I qualified for Google Code Jam 2012 yesterday.

I began in the afternoon, well into the round, because I didn’t want to stay up late, as the start of qualification was 12am in Germany. Having solved only one practice problem before on Friday I didn’t exactly feel “limbered up” at that point, but I had some basic Ruby stdin/stdout workflows memorized again.

Upon reading the problems again, I just realized how ridiculously simple “Speaking in Tongues” must’ve really been (which is also what I was told on Google+ today) but back then, I panicked—even without the requirement to do particularly well—and went straight for the other problem descriptions.

I settled on “Recycled Numbers” as the first one to tackle. Brain partly locking up (I guess) it took me a short while to figure out actually how to traverse the possibilities to check for, which then turned into a straightforward implementation that was done rather swiftly.

The authors’ statement on them being “sure about the output to Case #4” had me hunting the last bug—my output being 288, one larger—for quite some time. I realized that it had to be a duplicate pair of numbers somewhere, but at the time it didn’t really occur to me how this should happen, so I took the not-so-clever approach—as in, I wouldn’t want to ressort to that in an interview with the stakes being high—of manually going through the outputs of case #4, until I stumbled upon 1212 generating both 2121 (in the form of 212|1) and, well, 2121 (in the form of 2|121). Which made a lot of sense. Silly me.

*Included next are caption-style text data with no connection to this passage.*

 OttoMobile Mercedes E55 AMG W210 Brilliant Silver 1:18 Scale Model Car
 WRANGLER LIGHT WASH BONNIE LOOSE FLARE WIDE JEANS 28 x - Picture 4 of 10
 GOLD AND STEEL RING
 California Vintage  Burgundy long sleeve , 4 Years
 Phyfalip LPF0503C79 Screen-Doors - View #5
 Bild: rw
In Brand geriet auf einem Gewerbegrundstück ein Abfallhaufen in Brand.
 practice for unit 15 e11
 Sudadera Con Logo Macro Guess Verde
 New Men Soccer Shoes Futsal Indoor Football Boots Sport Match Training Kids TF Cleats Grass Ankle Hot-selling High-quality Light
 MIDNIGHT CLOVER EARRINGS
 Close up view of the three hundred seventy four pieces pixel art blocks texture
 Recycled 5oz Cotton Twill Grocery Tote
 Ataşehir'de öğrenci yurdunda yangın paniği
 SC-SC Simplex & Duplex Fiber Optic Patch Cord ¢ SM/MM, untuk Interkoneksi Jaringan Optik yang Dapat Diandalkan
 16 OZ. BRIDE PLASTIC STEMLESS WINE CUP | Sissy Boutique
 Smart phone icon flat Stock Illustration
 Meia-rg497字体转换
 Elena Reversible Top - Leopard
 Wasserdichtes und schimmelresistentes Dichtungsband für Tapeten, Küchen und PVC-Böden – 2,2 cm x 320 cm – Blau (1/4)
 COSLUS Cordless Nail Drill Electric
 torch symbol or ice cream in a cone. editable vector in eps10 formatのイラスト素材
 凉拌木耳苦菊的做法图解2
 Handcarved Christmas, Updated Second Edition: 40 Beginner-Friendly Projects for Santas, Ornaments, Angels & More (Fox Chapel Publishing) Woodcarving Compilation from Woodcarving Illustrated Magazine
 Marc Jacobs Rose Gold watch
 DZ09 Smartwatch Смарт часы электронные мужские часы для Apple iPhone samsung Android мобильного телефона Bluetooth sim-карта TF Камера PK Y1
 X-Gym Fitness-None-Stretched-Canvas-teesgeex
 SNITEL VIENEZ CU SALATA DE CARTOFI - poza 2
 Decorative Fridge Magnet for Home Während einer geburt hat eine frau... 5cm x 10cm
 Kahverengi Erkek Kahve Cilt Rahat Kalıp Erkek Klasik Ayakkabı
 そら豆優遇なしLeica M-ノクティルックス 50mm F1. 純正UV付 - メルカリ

I fixed that rather bluntly by keeping track of the pairs generated, with the overhead of object creation probably contributing to less than amazing running time of the algorithm, but I wanted to be done with it and alas: first small input went through correctly in about two or three seconds.

Satisfaction I then promptly ruined with the large input. I fired it up, sat back, figured it’d be running a little longer than three seconds—I only tried one test case with the bounds being 1 and 2000000 before that, to get a sense of the dimensions and whether my approach would be feasible at all, with using Ruby etc.—and got the silly idea of tail‘ing the output file to see progress … of which there wasn’t any.

At all.

Now, I’m not too sure about what should have happened there—straightforward suspicion being some buffering somewhere, as my test right now shows output after 50 test cases but then hangs, even after the program has finished—but after panicking and aborting the run two or three times (with maybe three minutes left in the end) I realized that output was in fact being written. Just not, you know, picked up by tail. So I started it up one last time aaaaand THERE WENT THE DEADLINE.

Really disappointing.

Wall time now when trying it again says 2 minutes 49 seconds, with 2 minutes 46 seconds spent in userland crunching numbers. So it would’ve worked out, if only. Oh well.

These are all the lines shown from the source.